Except for brief trips like this one, my husband and I have cast our lot squarely in the “stay” camp. Our retirement includes a small ranch and animals. Lots of them. That means leaving town is a huge endeavor requiring sometimes months of planning, and which saddles someone else with the responsibility of our five horses and two dogs.
Meanwhile, Eagle River friends Johnny and Teri Jarnagin, choose to “go,” sailing on a graceful 42-foot boat that they commissioned for their retirement. Johnny was a pilot and Colonel in the U.S. Airforce when he retired in 2000. Teri retired from her practice as an Eagle River dentist in 2009. These days they spend several weeks in the spring and fall sailing their boat in the blue waters of Puget Sound and the San Juan Islands. During the colder winter months, they visit their grandchildren who live Outside.
While it might seem like an anchor to some, the ranch that holds us here, even in winter, is a place of refuge and solace.
Here our daily routines are augmented by the rhythm of the seasons. In summer, we grow a garden and nurture a greenhouse. In autumn we harvest vegetables and cut firewood. Before freeze-up, we can hear the water from the Little Susitna River rushing over its rock-strewn bed. Whatever the season or weather, chores need to be done, and this daily routine is a kind of meditation. In the dark of morning, the horses nicker when they hear our footfall in the snow. Stars shine bright overhead and when we’re lucky, the northern lights dance. We’ve come to know the outside temperature by the squeak of snow underfoot and the amount of frost on the horses’ whiskers. Work itself can be a panacea to the winter doldrums. The harsher the outside conditions, the more there is to do to keep the horses comfortable. Extra hay, occasional blankets, and warm mash all help take the chill off.
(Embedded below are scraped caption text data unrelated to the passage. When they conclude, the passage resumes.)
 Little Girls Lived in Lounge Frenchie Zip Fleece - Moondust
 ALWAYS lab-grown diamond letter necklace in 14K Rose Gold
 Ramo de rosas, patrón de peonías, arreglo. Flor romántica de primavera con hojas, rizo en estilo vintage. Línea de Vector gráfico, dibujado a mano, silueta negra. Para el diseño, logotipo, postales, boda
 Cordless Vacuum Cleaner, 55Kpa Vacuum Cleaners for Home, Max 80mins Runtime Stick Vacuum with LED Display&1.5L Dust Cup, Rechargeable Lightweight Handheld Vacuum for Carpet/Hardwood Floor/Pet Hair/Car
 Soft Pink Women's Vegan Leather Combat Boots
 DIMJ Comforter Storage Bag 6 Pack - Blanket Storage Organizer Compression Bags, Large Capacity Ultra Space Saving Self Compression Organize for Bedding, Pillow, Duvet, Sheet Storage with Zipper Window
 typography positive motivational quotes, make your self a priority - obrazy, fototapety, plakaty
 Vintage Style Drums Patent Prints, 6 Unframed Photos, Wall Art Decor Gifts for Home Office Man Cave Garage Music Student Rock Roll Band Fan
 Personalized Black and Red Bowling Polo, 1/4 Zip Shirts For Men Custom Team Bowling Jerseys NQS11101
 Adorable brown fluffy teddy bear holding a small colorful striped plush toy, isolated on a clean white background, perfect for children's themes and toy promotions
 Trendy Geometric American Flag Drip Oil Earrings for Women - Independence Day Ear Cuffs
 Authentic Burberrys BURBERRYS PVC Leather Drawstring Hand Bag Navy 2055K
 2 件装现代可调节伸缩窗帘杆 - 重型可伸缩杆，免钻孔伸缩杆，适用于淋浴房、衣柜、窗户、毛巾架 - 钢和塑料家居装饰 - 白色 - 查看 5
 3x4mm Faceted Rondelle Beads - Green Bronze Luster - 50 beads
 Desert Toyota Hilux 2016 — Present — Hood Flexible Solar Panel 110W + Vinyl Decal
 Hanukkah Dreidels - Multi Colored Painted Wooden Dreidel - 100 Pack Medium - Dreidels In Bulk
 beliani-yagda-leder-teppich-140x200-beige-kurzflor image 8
Yet when we’re out chipping at frozen manure, or water lines freeze, or when a horse needs doctoring during the coldest days of winter, we sometimes wonder about this choice we’ve made. Maybe the Jarnagins had a better idea.
I caught up with Teri in September while they were moored off the coast of Sidney, British Columbia on Vancouver Island. They had been underway for six weeks.
“I compare sailing to what is so great about Alaska; it’s wild, spacious and beautiful,” Teri said. “We chose this as part of our retirement plan because we love the water, getting away, and the challenge of constant learning while underway.”
The Jarnagins were not new to boating when they chose this sailing lifestyle.
“We bought our first boat in 1974, a San Juan 24 when we were on our first assignment to McChord Air Force Base in Washington,” Teri said. “Sailing is like flying only the wings are vertical, with the same principle of lift. Johnny, as a pilot, understood the principle and off we went. We ended up donating the San Juan to a Christian boys’ camp on Lake Texoma, Texas.”
In 2005-2006, they commissioned their current sailboat, a Valiant 42 cutter rig, with a mast that has a mainsail and two foresails. It has a water maker that filters saltwater into freshwater. They also have a dingy so they can motor to shore and go exploring.
“We wanted something strong, sturdy, and capable of going anywhere in the world,” Teri said. “It also had to be a boat that could be sailed by one or two people with ease.”
On a farm, living things like horses and dogs depend on us – they can’t be parked in storage until the weather clears or we are in the mood.
This is both the downside and the reward of the lifestyle we have chosen. And unlike many of our retired friends, our children and grandchildren live in Alaska, so that certainly factors into our choice to stay.
Occasionally, we do take a break and leave for a short time. Our winter breaks are largely made possible by our dear friends, Tom and Tina Victory from Chugiak, who come out to the ranch and live here while we are gone.
When Alaska’s summer sun is out and during the changing seasons of spring and autumn, the decision to stay on our little ranch in Alaska seems easy. Just as the Jarnagins love the freedom of ocean sailing, we love the rhythms of farm life. And winters are just part of the deal.